As for alternatives to tweezers, I've seen these ring-like holders but I've read on here they can put too much pressure and chip stones.
I've also seen these 4 prong holders, do they have a similar problem?

1732137354348.jpeg1732137308112.jpeg


Happy to get advice, what you guys prefer, or learn of alternative options.
I realize admiring unset stones from a gem box is most secure but sometimes I want to play with them a bit more!

The chip:

 
The claw thingie, as I call it, all the way.

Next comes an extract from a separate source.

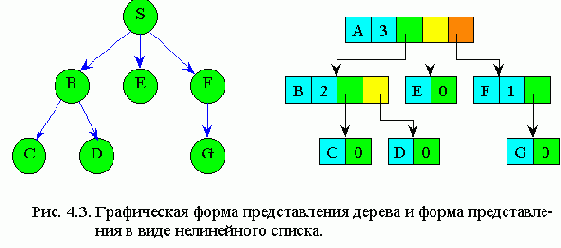 Представление деревьев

I saw and used one at a jeweller years ago. I currently have one on the way from aliexpress. Should've bought it ages ago but instead decided to struggle with tweezers for the longest time. Tried regular, self locking, rubberised, the full deal. Don't be stupid like me. Get yourself a claw thingie.

edit: just realised both of these can be considered claw thingies. The one on the right.
 
The claw thingie, as I call it, all the way.

I saw and used one at a jeweller years ago. I currently have one on the way from aliexpress. Should've bought it ages ago but instead decided to struggle with tweezers for the longest time. Tried regular, self locking, rubberised, the full deal. Don't be stupid like me. Get yourself a claw thingie.

edit: just realised both of these can be considered claw thingies. The one on the right.

Thank you. I could not find complaints about this tool yet. I've also looked at the Aliexpress options as I am certainly done with tweezers after chipping my poor stone.

I would like to know if it handles various shapes well, and varying sizes well - not just more typically sized rounds or cushions (6-8mm?), which is what the stock images usually show them handling.
 
Well, it's all about how much the claw-prong-thingies open when they come out. It will be able to grab anything that would otherwise be possible to set in a 4-prong setting, I saw it used with various stones. Obviously, it won't work for anything too small or too big. But the mechanism is pretty versatile in its simplicity. There's a spring inside that keeps the prongs retracted. You push the button, thus exerting pressure on the spring, and the prongs come out - just like a push button pen. You grab a stone and it essentially prevents the prongs from retracting back into the main body. So it's limited by how much the prongs can open and how big the opening for them is. If the stone is too big, the prongs will be too small to grab it, if it's too small, it won't prevent them retracting and will just pass through the opening and into the body of the tool.
 
Well, it's all about how much the claw-prong-thingies open when they come out. It will be able to grab anything that would otherwise be possible to set in a 4-prong setting, I saw it used with various stones. Obviously, it won't work for anything too small or too big. But the mechanism is pretty versatile in its simplicity. There's a spring inside that keeps the prongs retracted. You push the button, thus exerting pressure on the spring, and the prongs come out - just like a push button pen. You grab a stone and it essentially prevents the prongs from retracting back into the main body. So it's limited by how much the prongs can open and how big the opening for them is. If the stone is too big, the prongs will be too small to grab it, if it's too small, it won't prevent them retracting and will just pass through the opening and into the body of the tool.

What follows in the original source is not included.